The U.N. tribunal for Rwanda has toppled from its human rights pedestal, and its fall is entirely of its own making. On Nov. 3, an appeals court ordered the release of genocide suspect Jean-Bosco Barayagwiza on the grounds that his “fundamental rights were repeatedly violated.” The former government official had spent 11 months in a Cameroon jail without being charged, but the tribunal never got around to hearing a writ of habeas corpus demanding his release. His first court appearance came 96 days after his transfer to the tribunal, a clear breach of his right to be seen “without delay.” The appeal chamber ruled that the prosecutor’s handling of the case was “tantamount to negligence” and that his trial would thus be a “travesty of justice.”

The International Criminal Tribunal for Rwanda was established by the U.N. Security Council in November 1994. Its mandate was to prosecute the perpetrators of genocide and heal the wounds of a ravaged nation. It was to be a paragon of international justice, and its impartiality and commitment to humanitarian values was favorably contrasted to the harsh justice being meted out by local authorities.

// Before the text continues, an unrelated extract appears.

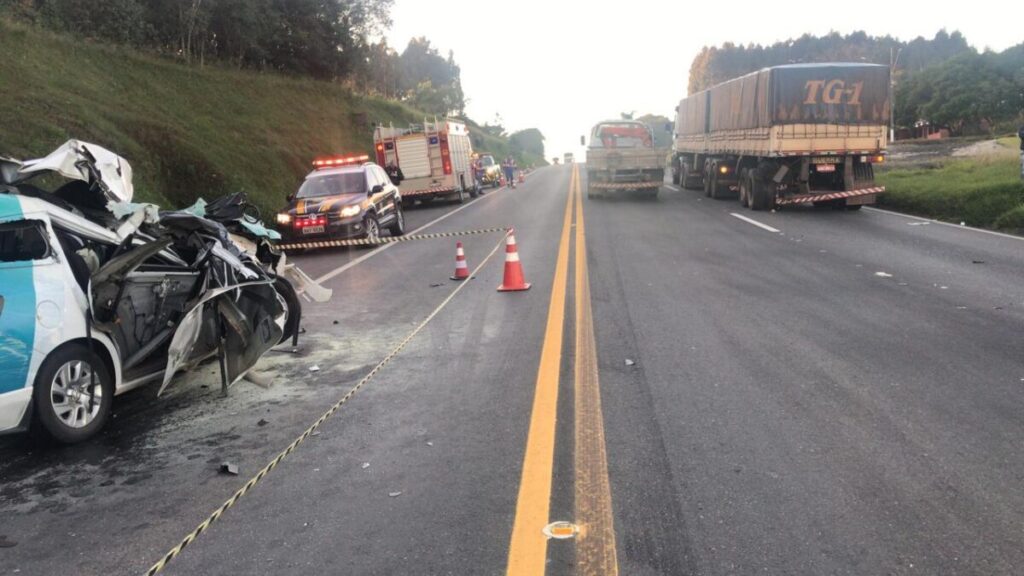 Grave acidente em Palmeira na BR 277 deixa 1 pessoa morta e 6 feridas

From the outset, the tribunal was determined to fry the biggest fish. In 1996, the Rwandan government requested the extradition from Cameroon of Barayagwiza and other senior Rwandan officials. The tribunal then stepped in and claimed them for itself. It now holds several dozen prime suspects in Arusha, Tanzania, while Rwanda has been left to deal with 120,000 of their supporters, which, not surprisingly, has antagonized the government in Kigali. As Prosecutor General Gerald Gahima said, “It makes it harder to forgive the ordinary people if we don’t have the leaders here to be tried.”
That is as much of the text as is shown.